The Calculating Stars

Lady Astronaut Universe • Book 1

3.95 Goodreads
(38.2K ratings)

Why You'll Love This

A meteorite wipes out the East Coast in 1952 and accidentally gives women a shot at space — if they can fight hard enough to take it.

  • Great if you want: historical sci-fi with a sharp feminist edge and real stakes
  • The experience: emotionally driven and propulsive — frustration and triumph in equal measure
  • The writing: Kowal grounds big ideas in tight, character-first storytelling that rarely lets up
  • Skip if: systemic sexism as a recurring obstacle wears you down rather than motivating you

About This Book

In 1952, a meteorite strike wipes out the Eastern Seaboard and sets humanity on a countdown to extinction. The only way forward is off the planet — and fast. Elma York, a brilliant mathematician and former WASP pilot, is exactly the kind of person the space program needs. Except the space program doesn't quite see it that way. What unfolds is a story about survival on two scales at once: the slow-motion catastrophe threatening the entire species, and the quieter, more personal battle Elma fights simply to be taken seriously. The stakes are enormous, but the emotional pull comes from somewhere smaller and more human — a woman who knows exactly what she's capable of, in a world determined to remind her of her place.

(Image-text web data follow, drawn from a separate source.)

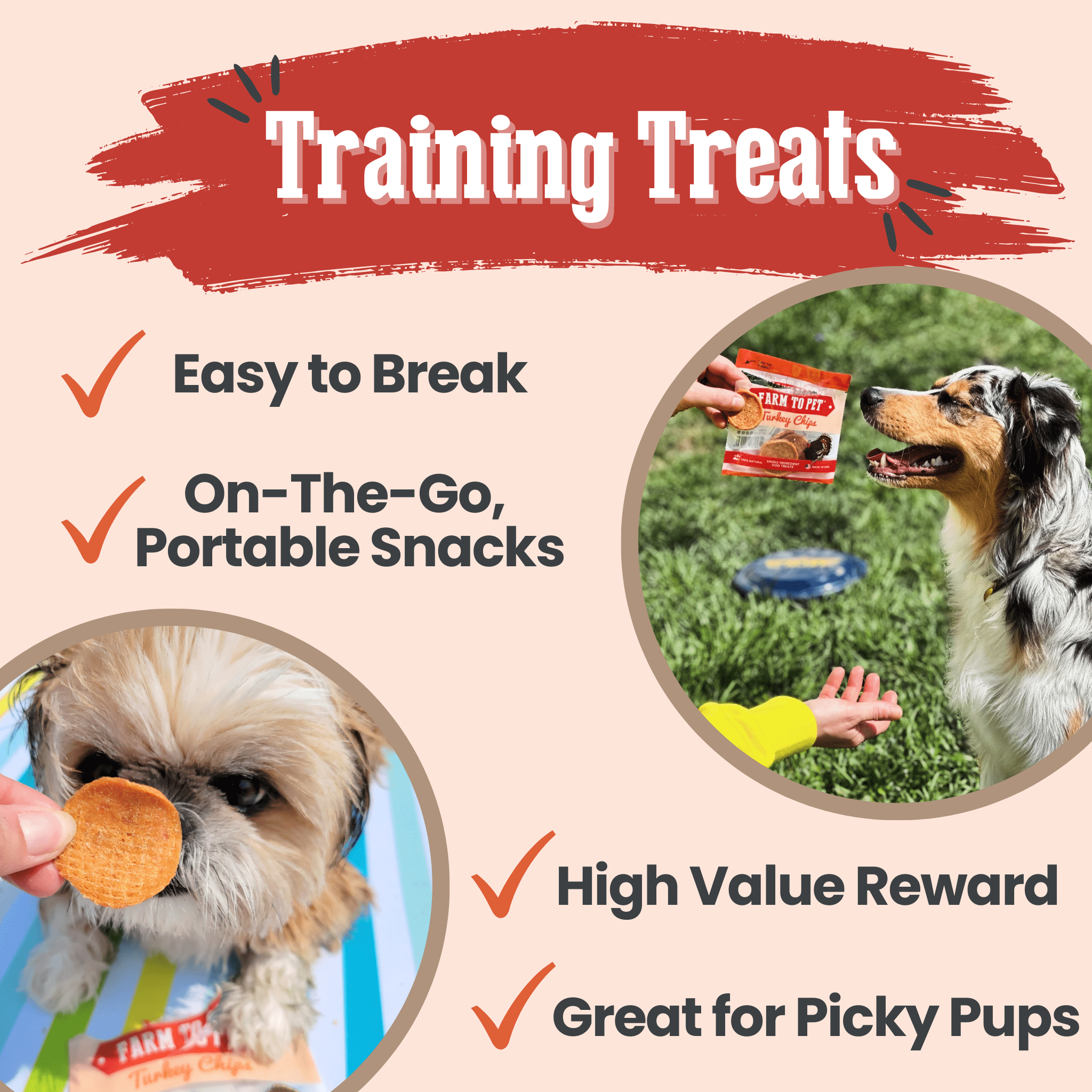 Turkey Chips Snack Pack
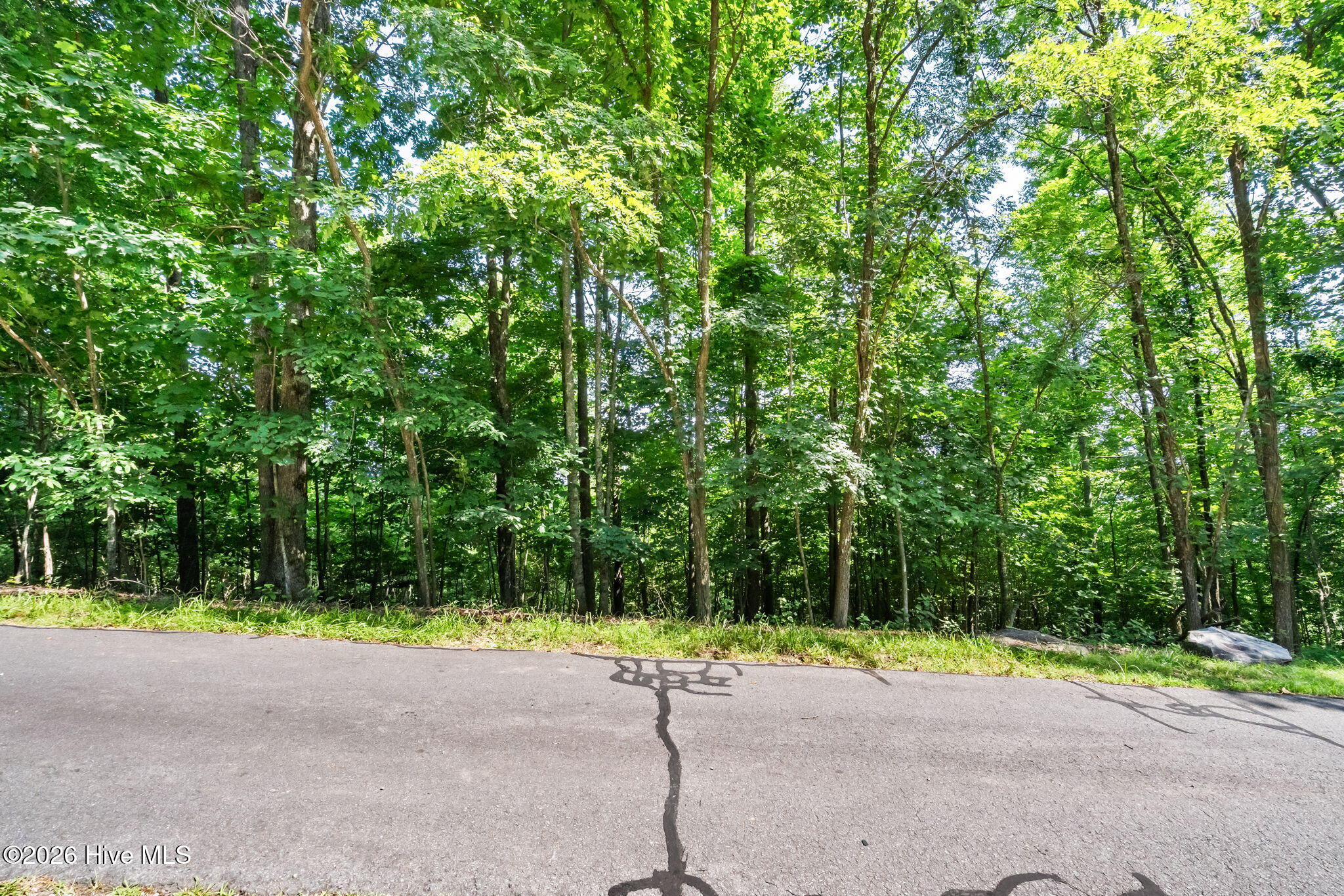 46 Buck Ridge Drive Property Photo 12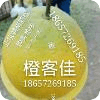 正宗贛南臍橙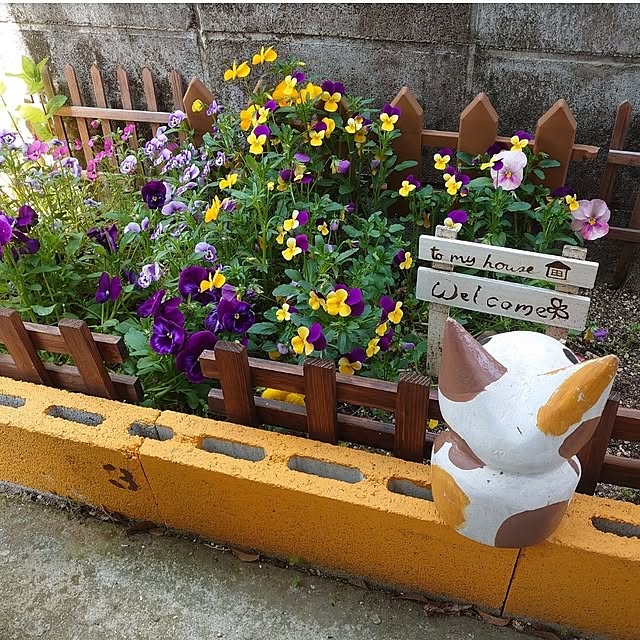 fukuさんの部屋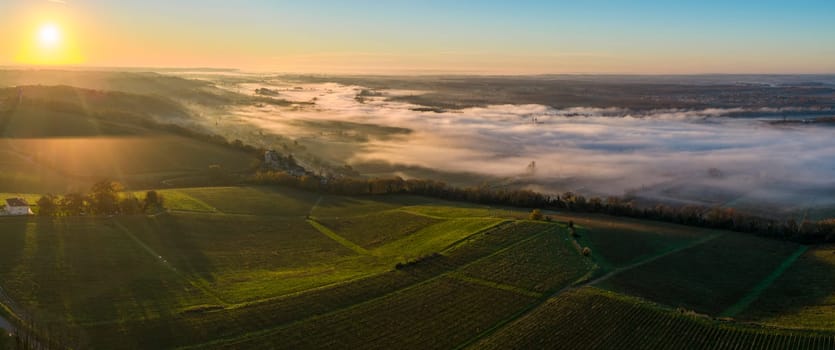 France, Gironde, Langoiran, Aerial view of Premieres Cotes de Bordeaux vineyard in Entre-Deux-Mers, Bordeaux vineyard at sunrise with fog over the Garonne river. High quality photo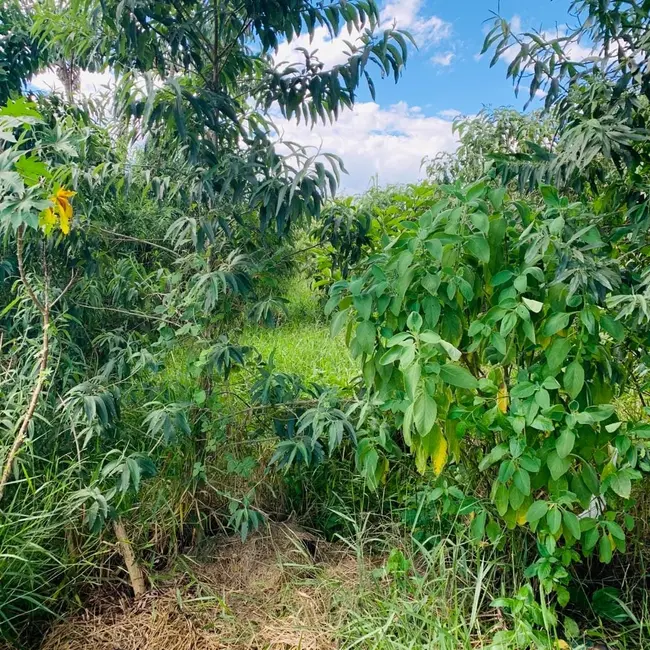 Foto 1 de Terreno / Lote à venda, 250m2 em Vitória Vale II, Pindamonhangaba - SP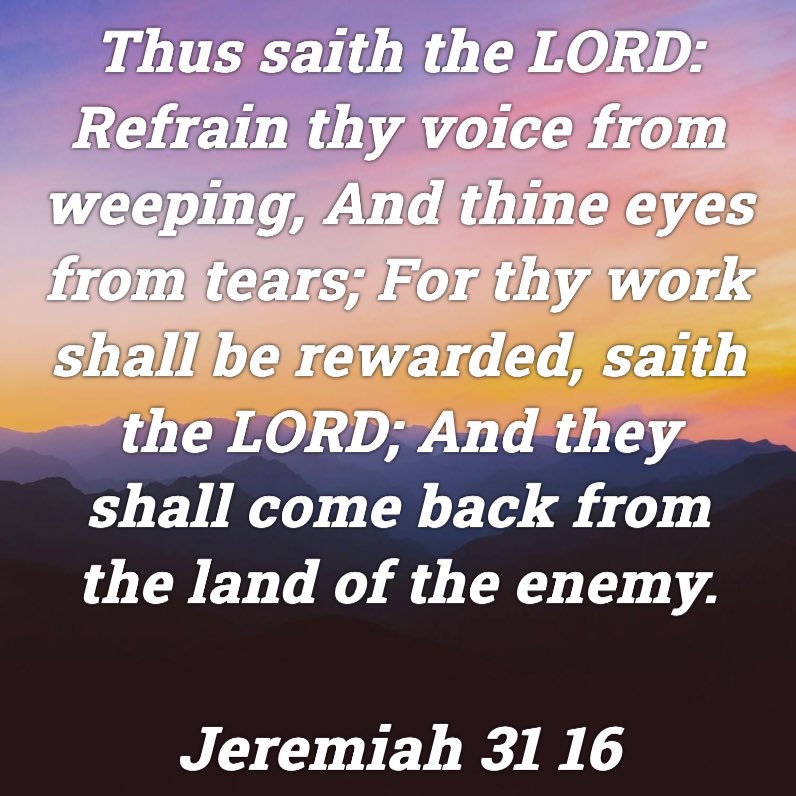 SusanLi777's tweet photo. Welcome home Israeli hostages! It’s a victorious day of almighty God! https://t.co/eWNIdWvY2E https://t.co/Q2wwblDgEC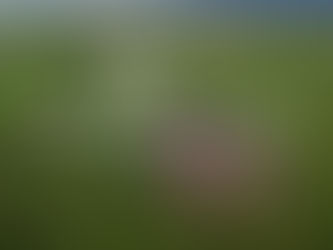 Rural Report | July 8th, 2025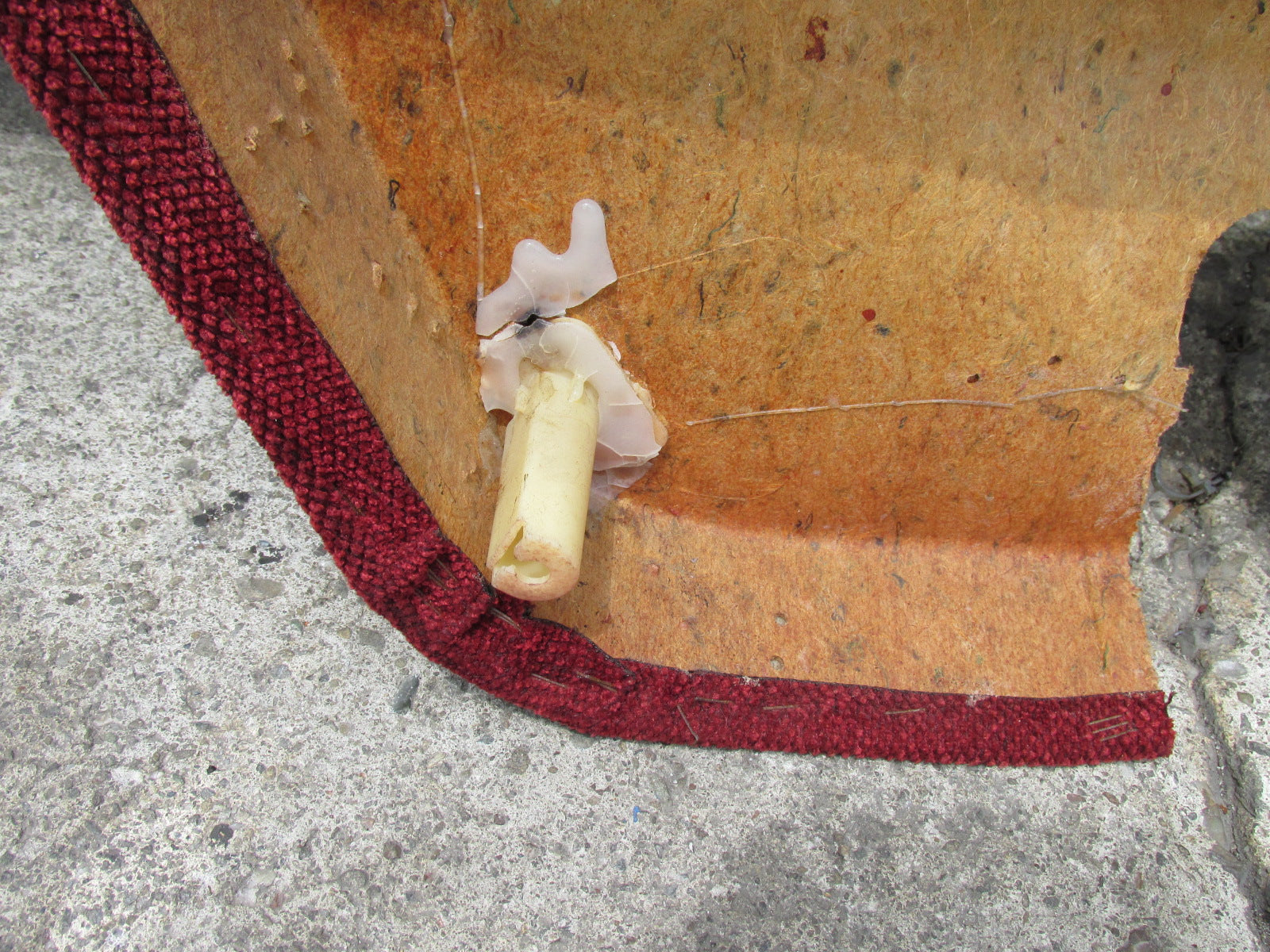 内田 Frontiers | Effects of multi-organ crosstalk on the physiology and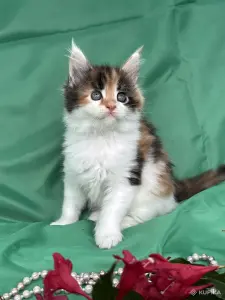 Мейн-кун котята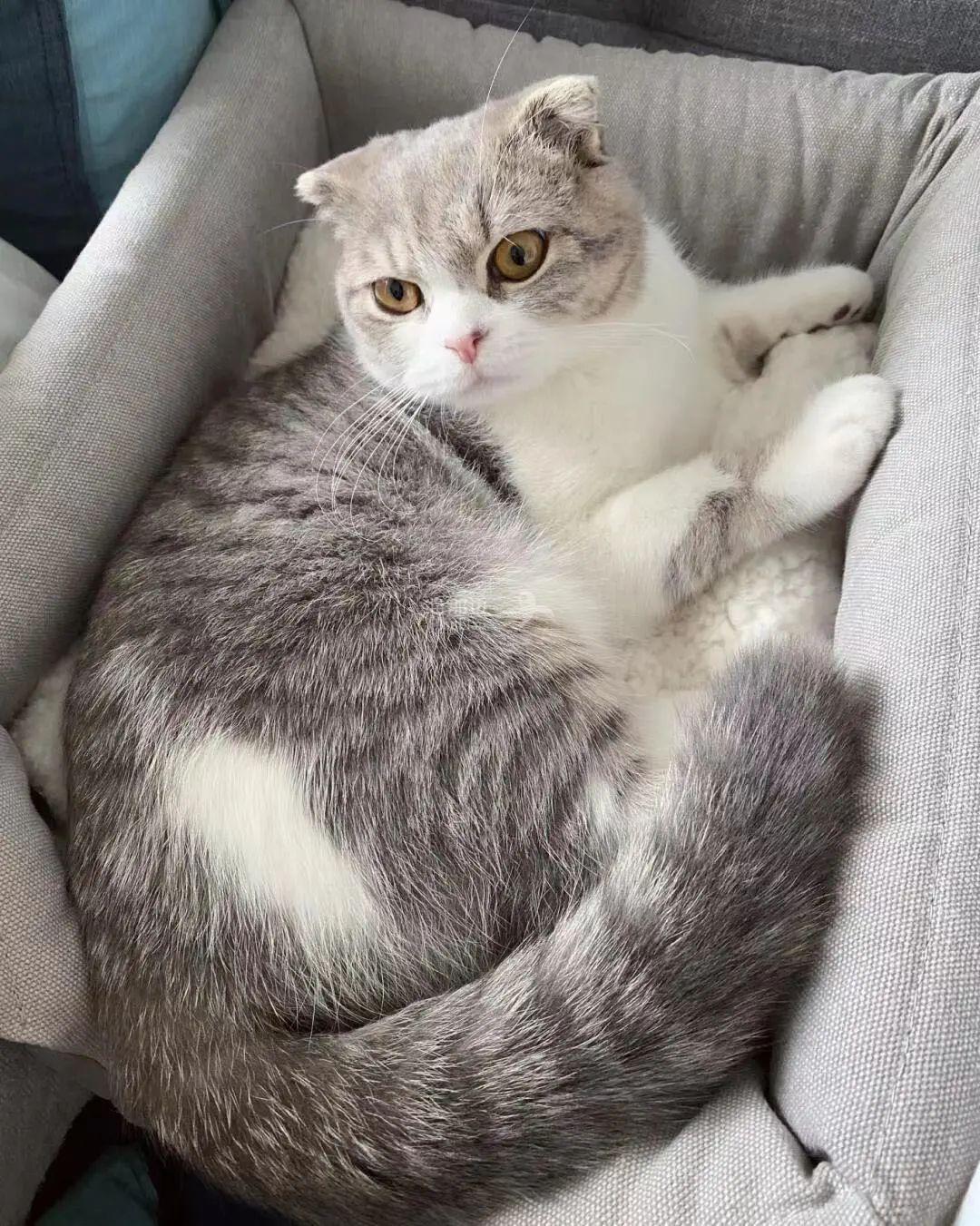 ..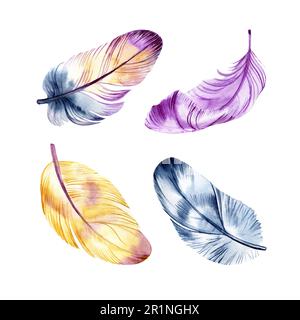 Ensemble de plumes vibrantes à motif aquarelles dessinées à la main. Ailes de style boho. illustration isolée sur blanc. Motif oiseau pour t-shirt, invitation Banque D'Images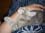 cats04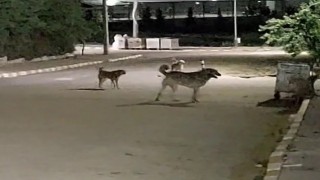 Malkara OSBde gece saatlerinde toplanan köpekler tedirginliğe neden oluyor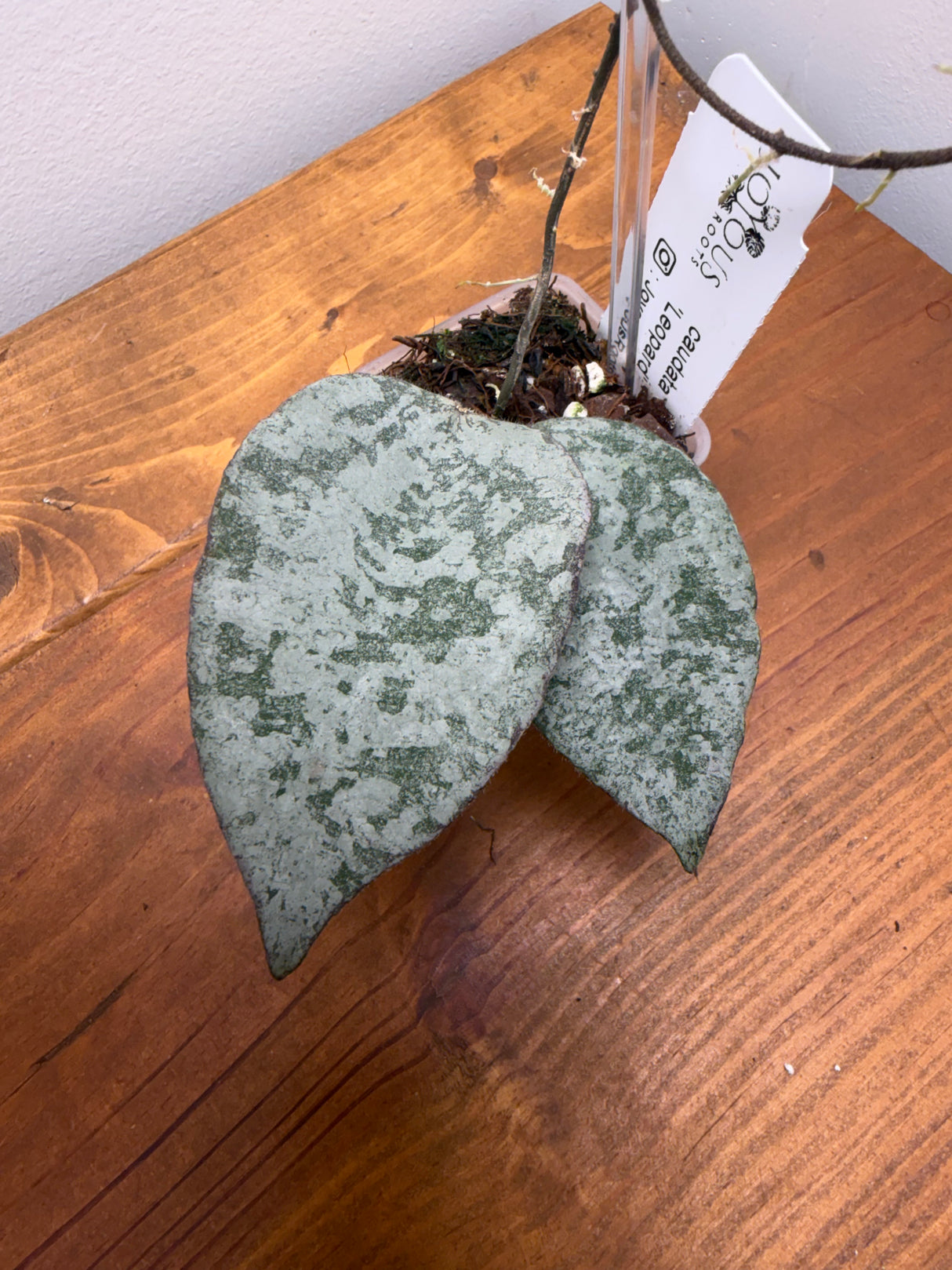 E-642 caudata 'Leopard'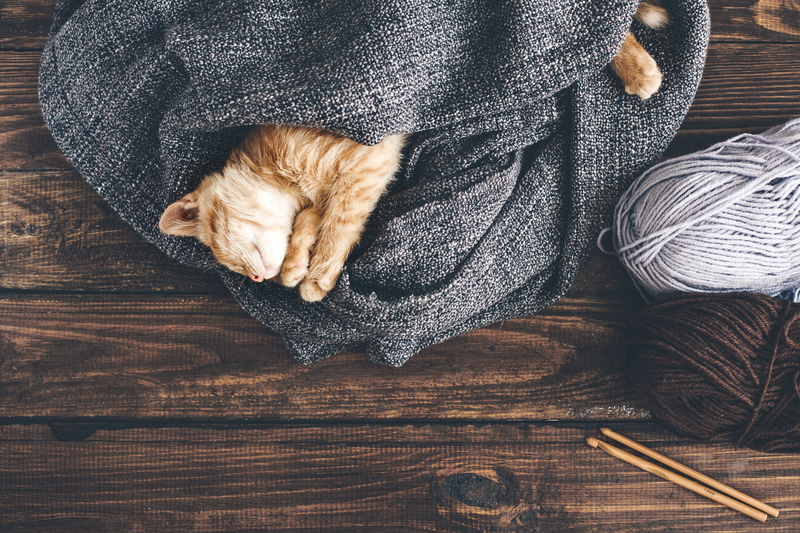 deep cleaning Regular cleaning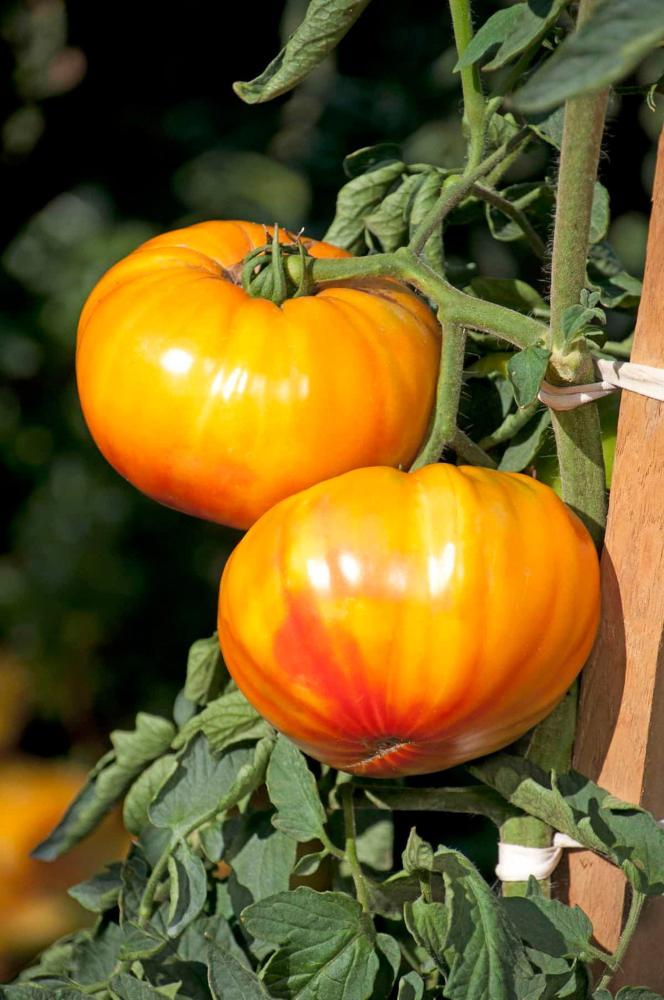Tomato, BuffaloSun Hybrid Packet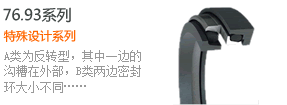 浮動(dòng)油封產(chǎn)品展示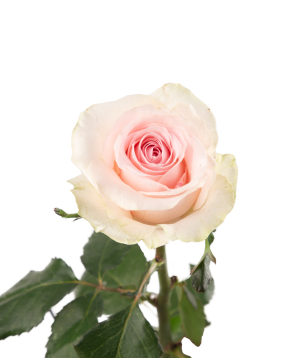 Rose `Revival sweet` light pink, 80 cm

Kowal writes Elma in first person with a precision that mirrors the character herself — sharp, warm, and occasionally undone by anxiety in ways that feel genuinely true rather than decorative. The novel moves with the momentum of a thriller while doing the slower, more careful work of historical fiction, grounding its alternate timeline in the textures and frustrations of the 1950s. The science feels earned, the period detail is worn lightly, and the human relationships carry real weight. It's the kind of book that makes its genre look easy.